Starting with the first line of the material, reproduce exactly each line up to and including the one that contains "Buy Giardino Sydney", leaving out every picture.

***** EXTRACTED DATA *****

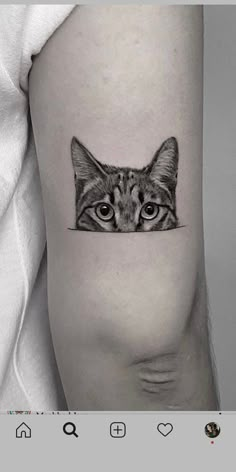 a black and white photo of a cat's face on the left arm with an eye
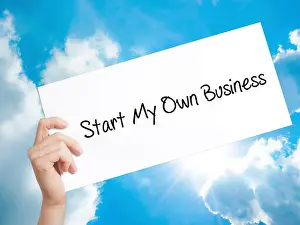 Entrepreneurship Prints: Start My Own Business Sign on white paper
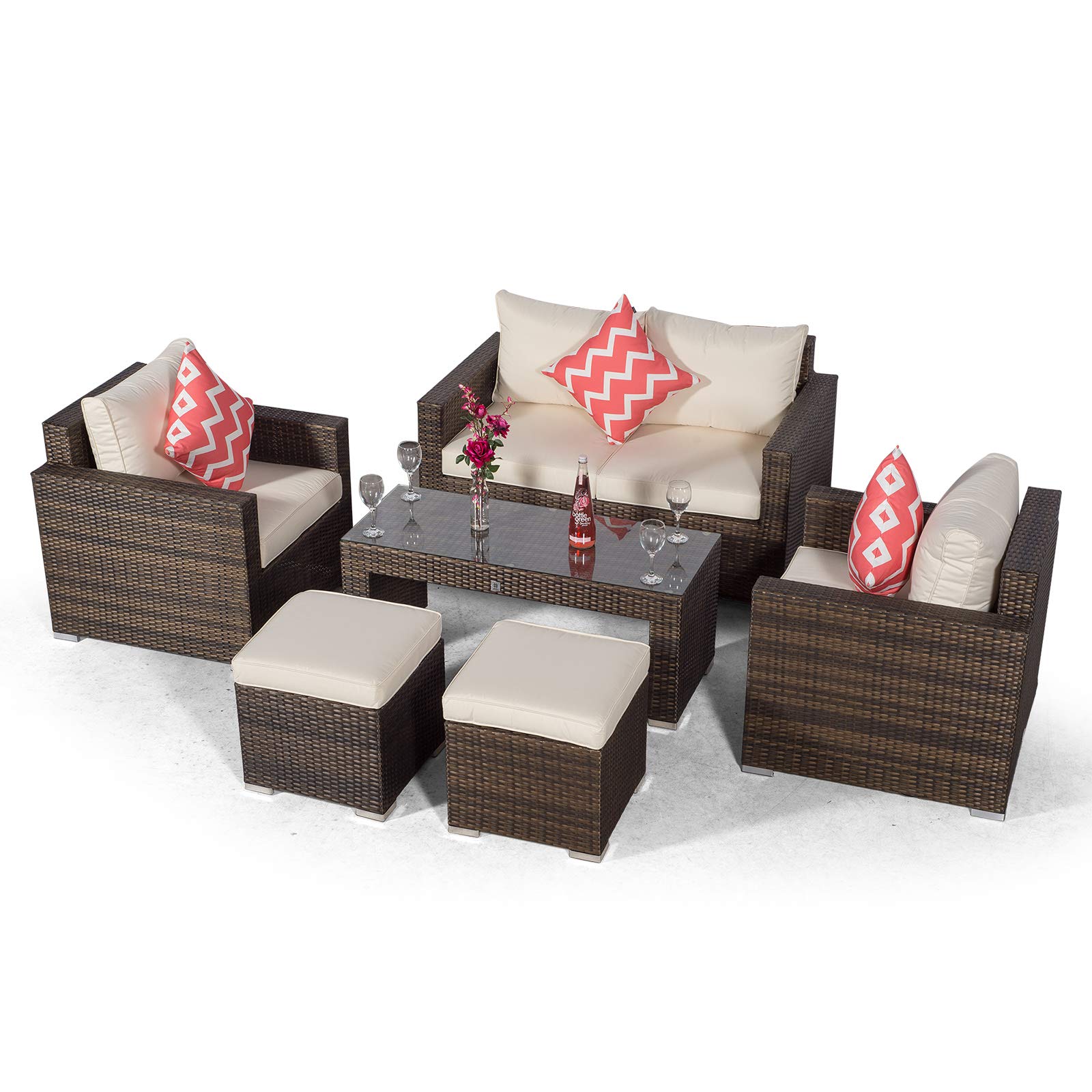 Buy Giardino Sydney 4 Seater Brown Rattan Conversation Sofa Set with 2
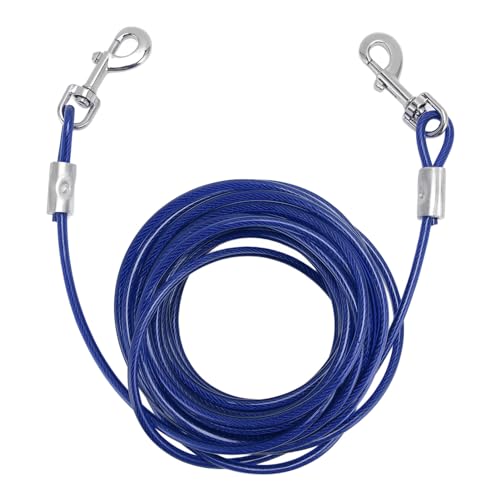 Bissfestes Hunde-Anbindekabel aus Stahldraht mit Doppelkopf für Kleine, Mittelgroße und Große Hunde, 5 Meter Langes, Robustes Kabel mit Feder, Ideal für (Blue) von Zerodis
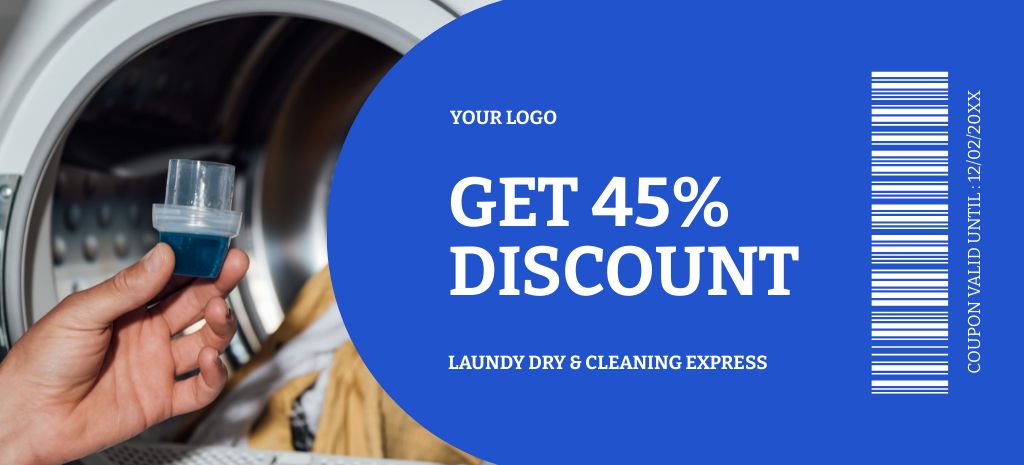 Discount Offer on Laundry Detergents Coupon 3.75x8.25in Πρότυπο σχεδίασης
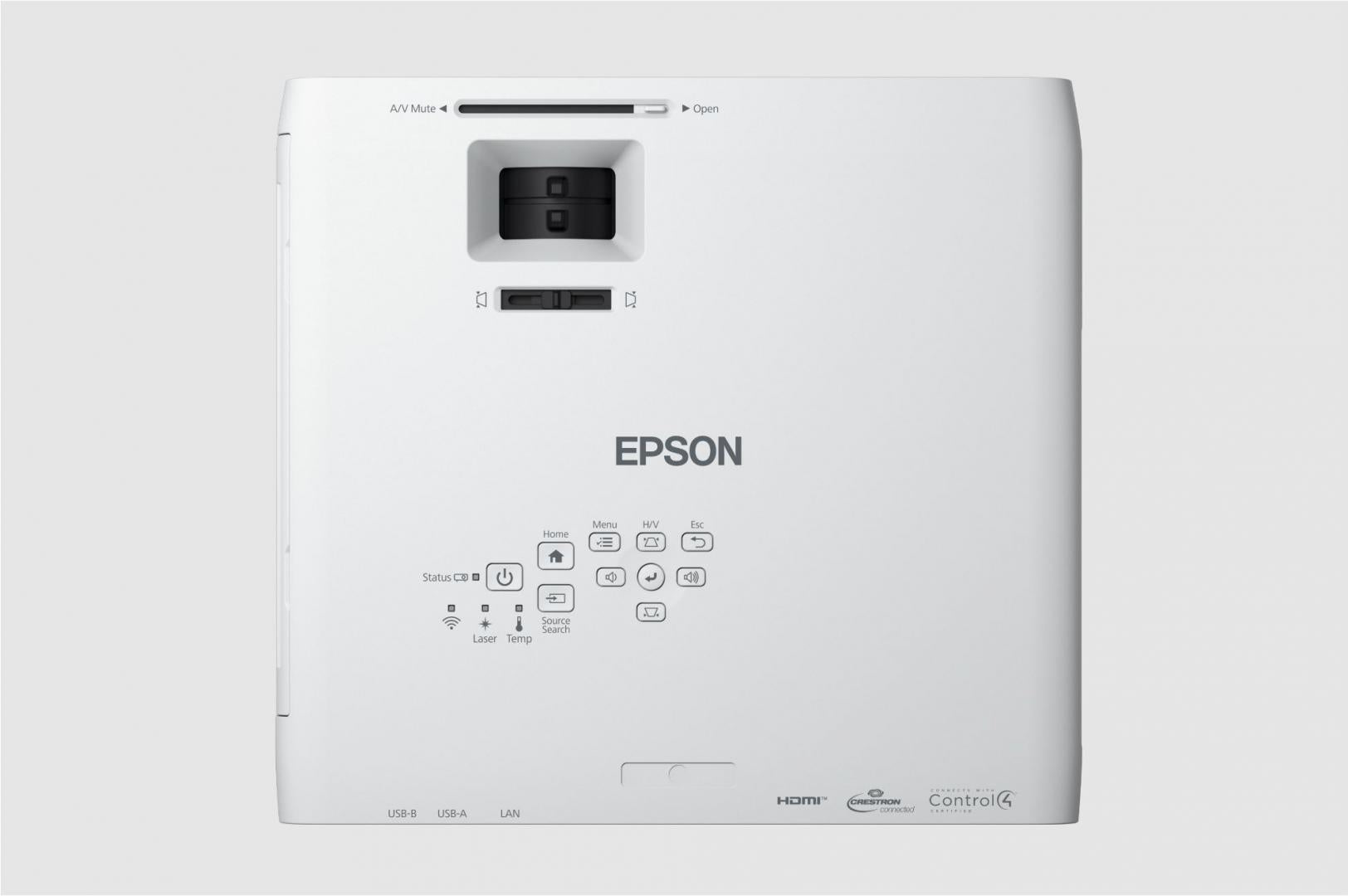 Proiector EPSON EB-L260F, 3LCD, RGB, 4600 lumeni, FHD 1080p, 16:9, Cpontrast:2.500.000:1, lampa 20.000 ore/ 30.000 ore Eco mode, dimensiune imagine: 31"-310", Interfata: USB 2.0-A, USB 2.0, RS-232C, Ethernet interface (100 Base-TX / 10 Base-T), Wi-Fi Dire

*****

▶ [COMPLETED EXERCISE]
 a black and white photo of a cat's face on the left arm with an eye
 Entrepreneurship Prints: Start My Own Business Sign on white paper
 Buy Giardino Sydney 4 Seater Brown Rattan Conversation Sofa Set with 2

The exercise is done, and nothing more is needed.